Napoletano Michele Cammarano

Biography

(b Naples, 23 Feb 1835; d Naples, 21 Sept 1920). Italian painter. He came from a family of artists of Catalan origin and was taught by his grandfather Giuseppe (1766–1850) and his great-uncle Antonio before enrolling at the Naples Accademia di Belle Arti in 1853. He studied under Gabriele Smargiassi (1798–1882), an exponent of traditional, composed, Romantic landscape, but was soon impressed by the plein-air landscape painting of Giacinto Gigante and by the work of the landscape painters of the Scuola di Posilippo, Alessandro La Volpe (?1820–87) and Vincenzo Franceschini (1812–85). Between 1854 and 1855 Cammarano entered the studio of Nicola Palizzi and devoted more time to studies from the live model and of landscape en plein air , with stays on Capri and at Cava Campobasso. This led to a break with Smargiassi, but Cammarano continued to attend evening life classes at the Accademia and to take part in competitions. Early works, such as Winter Landscape (1857; Naples, Accad. B.A.), are close in style to the work of Nicola Palizzi. Cammarano also studied figure painting with Giuseppe Mancinelli (1813–75) and took a greater interest in history and literature, with the aim of finding subjects for compositions such as the Massacre of Altamura (sketch 1863; Naples, Mus. N. S Martino). He also joined Filippo Palizzi’s life drawing class and retained a close attachment to Palizzi for the rest of his life. He realized, however, that he should not allow himself to be trapped into excessive analytic precision in his painting and that he should aim for a more concise and expressive effect.
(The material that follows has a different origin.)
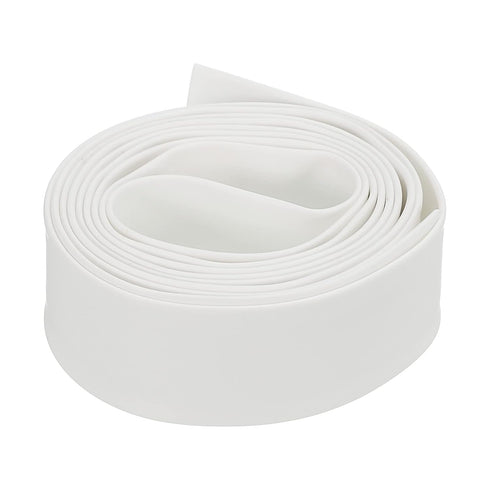 Heat Shrink Tubing 2:1 Cable Sleeving Tube Wrap, 3/8" Dia/5/8" Flat Width/1m, White for Electric Insulation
His Realism, above all manifest in studies of rocks, trees, water and dilapidated walls, was free from Palizzi’s descriptive nuances and was based on a system of vigorous and constructive brushstrokes. In 1861 he took part in the artistic debate on the macchia technique, which linked the Tuscan Macchiaioli and the artists of the Scuola di Resina. The importance of subject-matter for Cammarano at this time, however, is evident in Earthquake at Torre del Greco (1862; Naples, Mus. N. S Martino) and in Idleness and Work (1863; Naples, Capodimonte), which marked the beginning of his concern with social problems.